Jaksa KPK juga membacakan dokumen berita acara pemeriksaan (BAP) di persidangan.

Di mana isinya menyebutkan, bahwa uang tersebut untuk meredam orang KPK, agar tidak melakukan OTT terhadap Ajay.

DSN juga mengatakan, bahwa Ajay memintanya untuk mengumpulkan uang Rp1 miliar itu lewat iuran para Kepala SKPD [Satuan Kerja Perangkat Daerah] Kota Cimahi.

“Pak Ajay meminta bantuan kepada saya, supaya disampaikan kepada Kepala SKPD untuk iuran sukarela,” ungkap DSN.

Adapun Asisten Ekonomi Pembangunan Kantor Wali Kota Cimahi Ahmad Nuryana menjadi ‘pengumpul’.

Dari tangannya, kemudian diserahkan kepada Yanti, salah seorang karyawan yang bekerja di perusahaan milik Ajay.

“Dikumpulkan kepada Ahmad Nuryana,” ujar DSN.

“Menurut Pak Ahmad Nuryana, uang itu disampaikan kepada Ibu Yanti,” sambungnya.

Siapa ‘Orang KPK’ yang Dimaksud?

DSN membeberkan, bahwa ‘orang KPK’ yang memerasnya itu bernama Roni.

Pria itu datang ke kantornya, dan mengaku dari KPK, seraya menunjukkan indentitasnya.

Lebih lanjut, menurut Ajay, sempat terjadi negosiasi dengan Roni, yakni dari semula meminta Rp500 juta, “Terkumpul hampir Rp200 juta.”

Namun, akhirnya, pada Jumat (27/11/2020) lalu, pukul 10.40 WIB, Ajay, terjerat OTT.

Ia juga tidak sendiri, karena ada sembilan orang lainnya yang merupakan pejabat Kota Cimahi, serta pihak swasta.

Respons JPU KPK

JPU KPK Budi Nugraha menanggapi pengakuan terdakwa Ajay dan DSN [saksi].

Ia menyebut, akan menggali informasi soal Roni, apakah benar pegawai KPK, atau bukan.

“Faktanya, sampai hari ini pun kita tanyakan kepada saksi, saksi tidak mengetahuinya,” kata Budi.

“Tapi kita ingin tahu, apakah betul orang KPK atau bukan,” lanjutnya.

“Nanti mungkin ketika pemeriksaan terdakwa, kita akan kejar ini,” sambungnya berjanji.

Di sisi lain, Budi juga menanyakan sikap Ajay.

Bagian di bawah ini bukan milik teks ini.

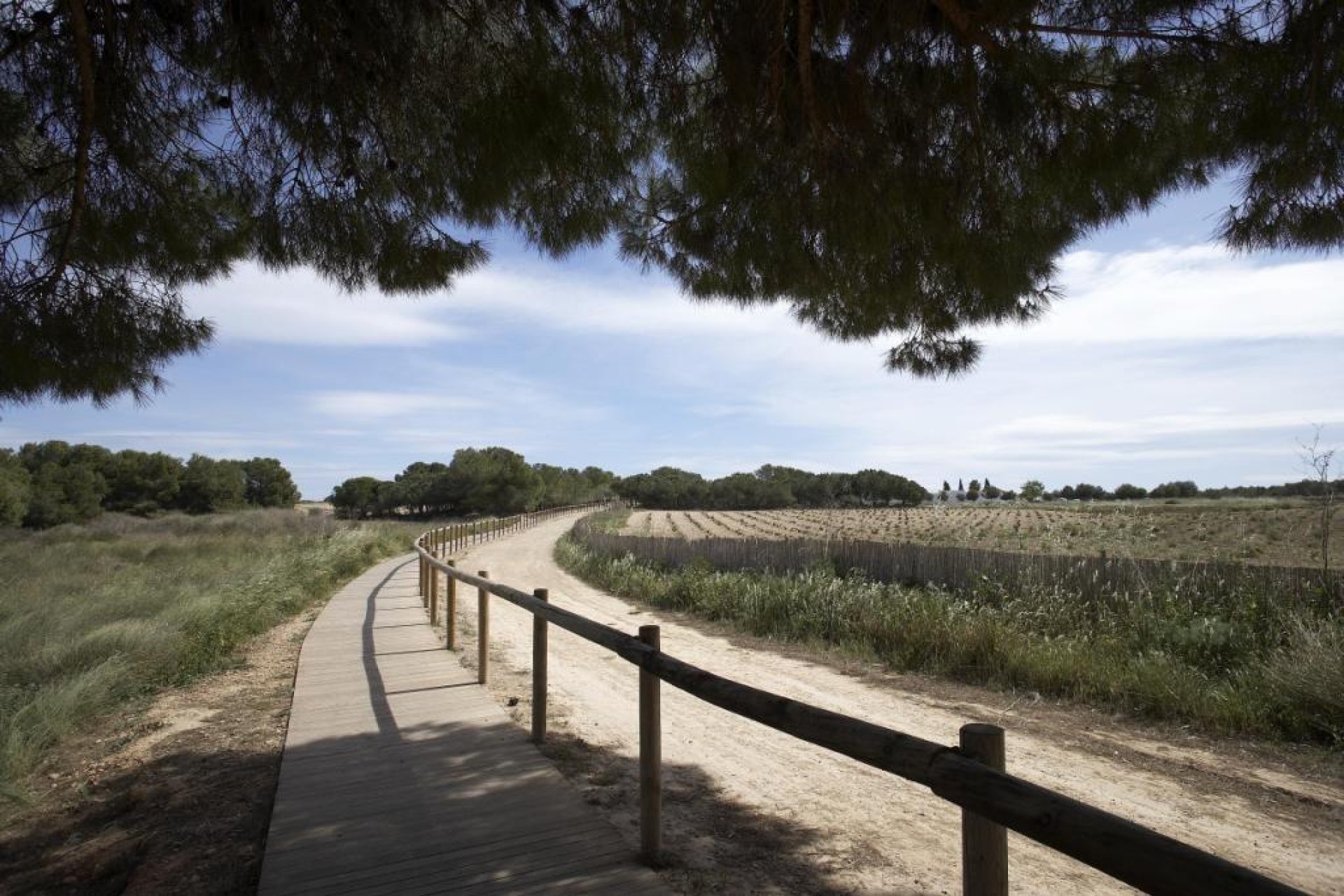Neue Gebäude - Bungalow -
Torrevieja - torrevieja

Jika benar ada oknum KPK yang memeras, mengapa ia tak melapor.

“Kalau faktanya ada seperti itu, kenapa yang bersangkutan tidak melapor ke polisi atau ke kami?” tanya Budi.

“Bukannya [keterangan] permintaan tersebut hanya akal-akalan yang bersangkutan saja?” imbuhnya.

“Toh, faktanya, uang sudah dikasihkan [ke Roni] yang bersangkutan [Ajay] tertangkap juga,” ucapnya lagi.

Budi menegaskan, “Kecuali misalkan, jangan sampai ada asumsi, ia tidak memberikan uang, lalu ditangkap KPK. Ini yang kita kejar siapa orangnya.”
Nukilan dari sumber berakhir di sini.